Homélie de Mgr Michel Aupetit - Consécration épiscopale de Mgr Matthieu Rougé à Nanterre

Cathédrale Sainte-Geneviève-Saint-Maurice (Nanterre) – Dimanche 16 septembre 2018

 24e dimanche Ordinaire – Année B
 Is 50, 5-9a ; Ps 114 (116 A), 1-2, 3-4, 5-6, 8-9 ; Jc 2, 14-18 ; Mc 8, 27-35

Chers frères et sœurs, chers amis,
Cher Matthieu,

Ta feuille de route, cher Matthieu, est très claire. Elle t’est donnée par le Seigneur lui-même : « Prends ta croix » ! Est-ce à dire que le diocèse qui t’est confié est difficile ? Non, assurément, servir ici est une vraie joie. Mais je sais que tu aimes déjà ce peuple dont tu deviens le pasteur. Et celui qui aime saisit nécessairement qu’il accueille la croix. Une vie sans croix est une vie sans amour.

Celui qui n’aime pas n’est touché par rien. Il y a tant de gens qui, aujourd’hui, disent : « c’est ma vie, je fais ce que je veux » sans s’occuper de ceux qui les aiment et qui souffrent de leurs fantaisies égoïstes. Ces gens-là passent « entre les gouttes » comme on dit.

Chacun d’entre nous en fait l’expérience. Aimer consiste toujours à accepter la croix. Que l’on soit père, mère, époux, épouse, enfant, nous savons bien que ceux qui nous blessent le plus sont ceux que l’on aime. Que ce soit par inquiétude pour eux ou parce qu’un mot de leur part nous fait plus de mal qu’une grave insulte de quelqu’un qui nous indiffère.

Aimer c’est prendre le risque d’être blessé. Ce peuple qui t’a été confié pour que tu l’aimes te fera peut-être souffrir par l’inquiétude de son salut, par le souci de chacun, parce que tu voudras toujours faire mieux pour le servir en vérité, comme le bon pasteur souffre pour ses brebis.

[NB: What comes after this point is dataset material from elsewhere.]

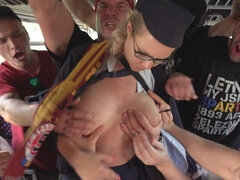 Culo grande, Mamada, Grupo, Pajear, Sexo duro, Orgía, Medias largas, Tren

Souvent à Paris, les gens me disent : « Comme votre charge doit être lourde… ». Je réponds, c’est vrai, la croix est lourde, mais j’ai de très nombreux Simon de Cyrène qui m’aident à la porter, aussi je ne sens même plus son poids. Ici, dans ce diocèse de Nanterre, tu trouveras de nombreux Simon de Cyrène, chez les prêtres, chez les diacres, les consacrés, les laïcs qui n’hésitent pas à prendre leur part de la belle mission confiée par le Christ.

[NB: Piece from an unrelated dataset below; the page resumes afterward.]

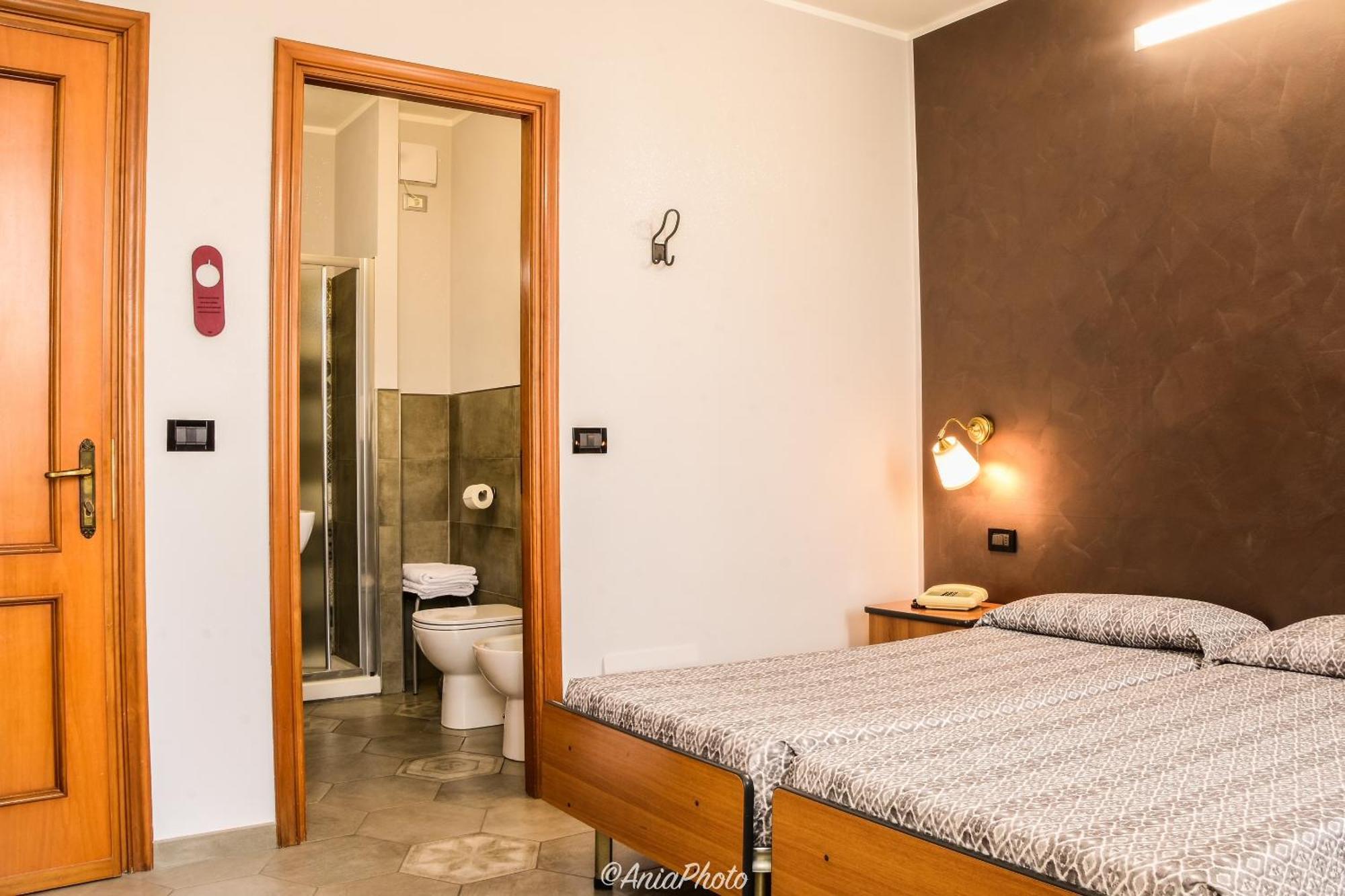 Albergo Florida Taggia Bagian luar foto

Mais il y a d’autres croix. Aujourd’hui l’Église est frappée parce que le Seigneur lui demande de se convertir. Quand le péché est révélé, ce n’est pas pour humilier, c’est pour faire revenir le cœur vers Dieu comme le montre toute l’histoire de la Bible depuis l’Exode jusqu’à l’Exil à Babylone. Rendons grâce pour cette croix que le Seigneur nous inflige. Elle ne révèle le péché que pour permettre une conversion radicale. Ce qui est vrai de l’Église, est tout aussi vrai de chacun de nous. Nous sommes mis devant une alternative : « je mets devant toi la vie et la mort. Tu choisiras la vie » (Cf Dt 30, 19). L’alternative est de se convertir ou bien de consentir au péché. La conversion mène à la vie, redonne la vie.

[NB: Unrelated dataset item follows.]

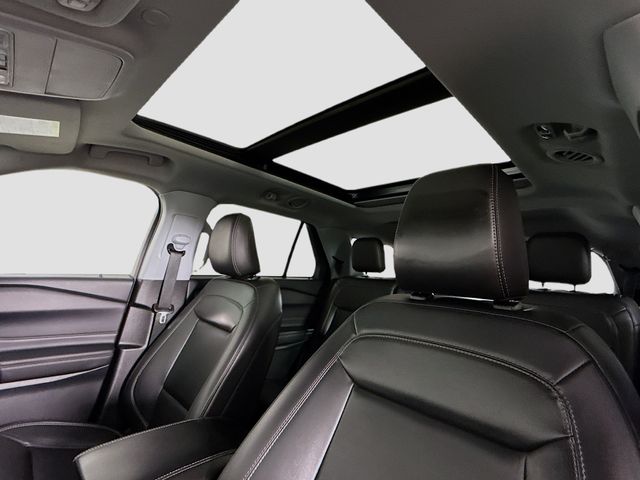2023 Ford Explorer XLT photo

Remettre sa vie entre les mains du Christ, c’est accomplir sa vie. Vouloir la maîtriser, c’est souvent passer à côté de cette vie car nous ne faisons que nous soumettre aux émotions, aux impulsions, aux différentes modes et contingences qui conditionnent notre quotidien. Je t’ai rencontré la première fois à Rome où tu étais séminariste. Je me rappelle avec quel dévouement tu étais venu nous chercher à une heure impossible. Je me suis dit : « Voilà un garçon donné, un vrai serviteur ». C’est avec ce même état d’esprit qu’aujourd’hui tu viens servir ici ce peuple magnifique qui attendait depuis six mois un nouvel évêque.

Tu vas recevoir la crosse du bon pasteur, l’anneau qui te fait Époux de l’Église, la mitre qui te donne l’autorité du Christ. Une autorité qui fait grandir, une autorité qui fait du bien, une autorité qui ne cherche qu’à rassembler et à unir dans la paix.

Matthieu, je me réjouis vraiment pour toi et pour ce diocèse que tu reçois aujourd’hui et qui t’accueille.

+Michel Aupetit, archevêque de Paris.